We all know it’s a good idea to build up a list of great professionals that we can confidently refer our clients to, but we also want to ensure we don’t end up with egg on our face if they don’t a good job.
So, what should we do when clients ask for professional referrals and we don’t know enough people to help them?
Be choosy with your referrals
Don’t just pick someone because they are local or because they seem like a nice person. Find out what they offer that makes them unique, especially when there are so many others like them out there. Take the time to get to know more about them for yourself first.
Where do you find great referral partners?
Traditional sources such as local or industry networking events and word of mouth all still work well. If you are out there actively networking in and around your industry, you’re bound to meet people that you’ll be happy to refer your clients to. Also, keep an eye out for other professionals your clients may already be working with. You’ll get a good idea of their specialties and working styles, so, if you like what they do, ask for their contact details and add them to your ‘little black book’ of referral partners.
But, there’s another option you might be underutilising or not using at all, and that is LinkedIn.
LinkedIn is a networking goldmine
According to the Social Media Statistics Australia – May 2018 survey compiled by Social Media News, there are over 8 million registered LinkedIn users in Australia with roughly 4,400,000 users active each month. True, that’s less than Facebook’s 15,000,000 Australian active monthly users, but LinkedIn has always focused on bringing professionals together and helping them to make meaningful connections. So, why not leverage that?
LinkedIn is far more than just being a place to post your CV or to follow what Richard Branson and Elon Musk are up to, though. You can use it to build your own extensive network of quality contacts in your industry plus others. That is if you use it effectively.
Networking is always a two-way street. Just as you seek others, others will be seeking people like you, so you need to do everything you can to make sure those connections happen.
Stay active and get noticed
Here’s the thing, your clients and other professionals use LinkedIn as a search directory, so you need to make your personal and business brand stand out.

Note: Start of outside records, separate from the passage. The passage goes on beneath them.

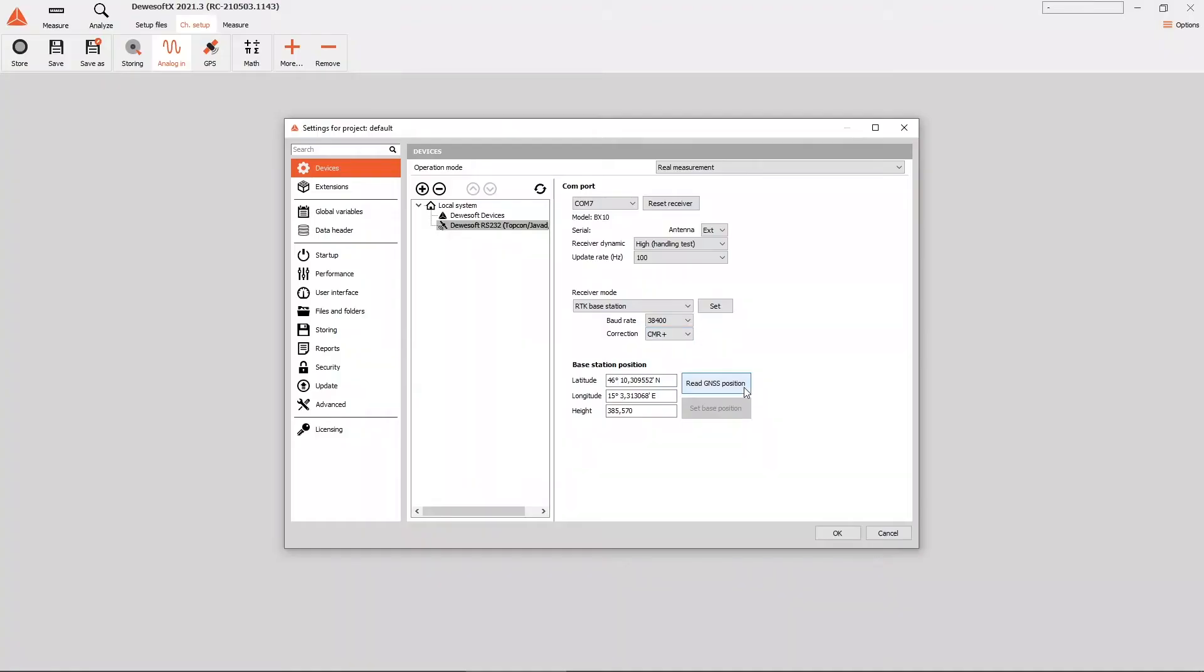First, it is important to read the position and then set the base station as a base station in Devasoft, and then also confirm its position with a click on set base position button.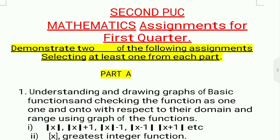Good morning, my dear children. In this video you will get the key answer of second year POC mathematics assignments. This is POC science Vidyarthi Gadi.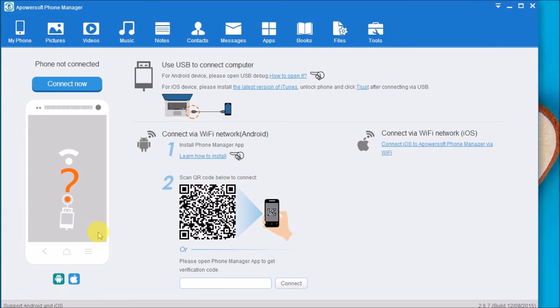And that is how you can play MP4 file on iPad. Thank you so much for watching. I'll see you on the next video.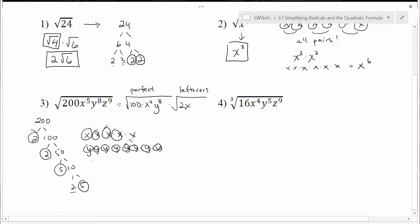For z to the 9th, same process — z to the 9th power. Looking for pairs: 1 pair, 2 pairs, 3 pairs, 4 pairs with 1 leftover z. So I can write this as z to the 8th in the first group with a leftover z in the second.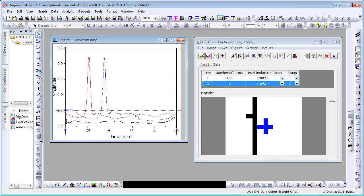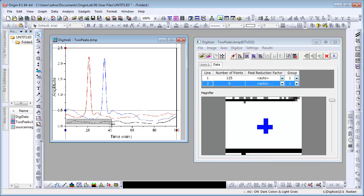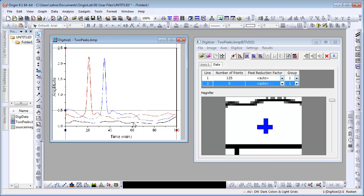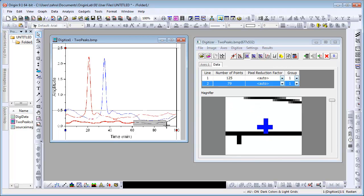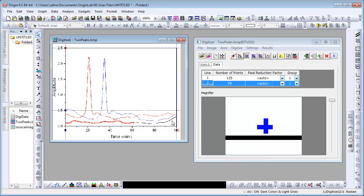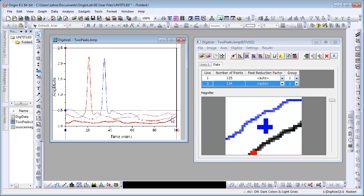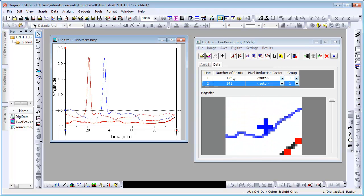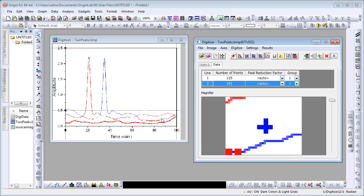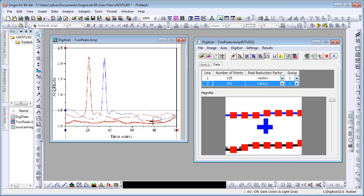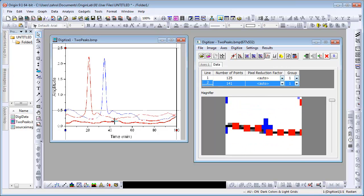As you will see, the density of the grid lines has increased which means more points will be captured, as points are captured wherever the grid lines intersect with the image curve. Use the Delete Lines button to delete the points we inadvertently captured on the other curves.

They want to know more about you and what you can do for them. Do you have the skills and experience to help them? Will you be focused on their needs?

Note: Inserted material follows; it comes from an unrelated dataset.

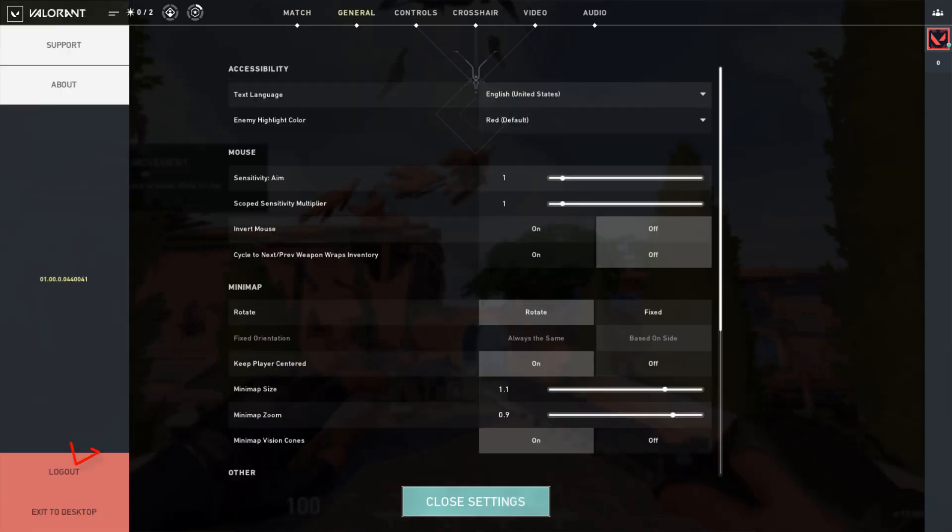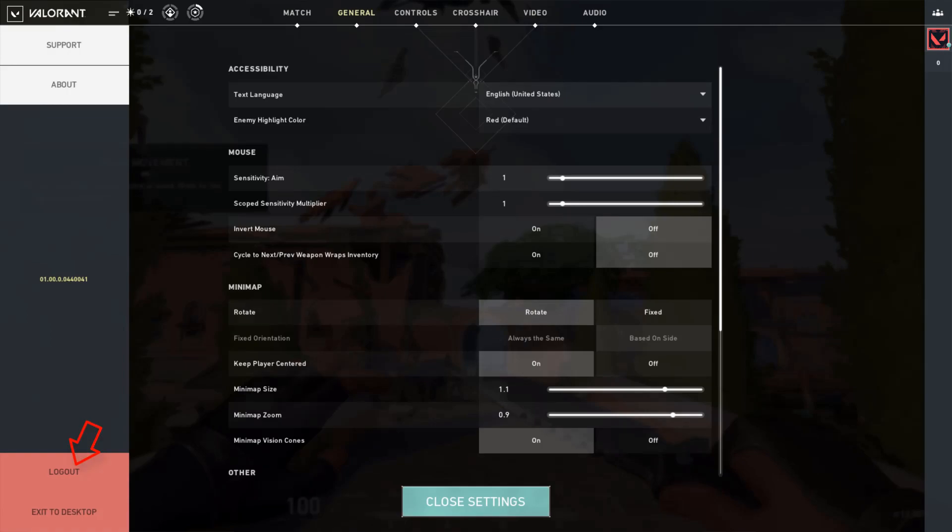Then click to log out your Valorant. Now my account is logged out successfully.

If your profile hasn’t been updated in years and doesn’t have a professional head shot of you, your profile page will be an indistinguishable drop in the ocean. If someone does happen to come upon your profile and it’s in that state, why would they bother connecting with you?

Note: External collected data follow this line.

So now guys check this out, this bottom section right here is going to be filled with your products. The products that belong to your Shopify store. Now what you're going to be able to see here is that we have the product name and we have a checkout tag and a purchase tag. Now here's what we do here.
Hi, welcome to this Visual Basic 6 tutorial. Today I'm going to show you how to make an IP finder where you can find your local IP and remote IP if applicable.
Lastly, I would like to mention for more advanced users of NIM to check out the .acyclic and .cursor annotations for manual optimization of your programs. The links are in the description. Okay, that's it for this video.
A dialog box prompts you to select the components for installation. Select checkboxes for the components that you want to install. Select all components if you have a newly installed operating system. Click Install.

Here are our top tips for growing your connections through LinkedIn.
Get your personal profile right
As we’ve mentioned, a professional photo of you and an up-to-date profile page are a must, but that’s just the starting point. You also need to ensure you talk less about all the great things that you’ve done and more about how you have helped other people. What did you do that made a difference?
Recommendations at the end of your profile page can help others make the decision to connect with you. Don’t be afraid to ask people you trust to write a recommendation for you and be prepared to give them freely to others.
For more on this, check out the Talented Ladies Club article, Seven Simple Rules for a Perfect LinkedIn Profile.
Create a page for your company
Company pages can be set up to showcase the work of you and your team. Ensure each team member has their own up to date profile page so they can then link it to the company page.
Learn how to do this on the LinkedIn resource page Creating a LinkedIn Company Page.
Join professional groups in your industry plus related ones.
For Australian finance professionals, these could include:
- Bookkeeping Institute Australia
- Chartered Accountants Australia and New Zealand
- or, groups based on locality, such as the Melbourne (Australia) professional network.
LinkedIn has a handy Groups Directory to help you discover groups you may like to join.
Don’t just join these groups and do nothing, though. Get in there and start having conversations. Introduce yourself and offer genuine help to others when you can.
As you start building rapport with people, you can keep them in mind for the next time someone asks you for referrals and you can be more confident that your trust will be well-placed.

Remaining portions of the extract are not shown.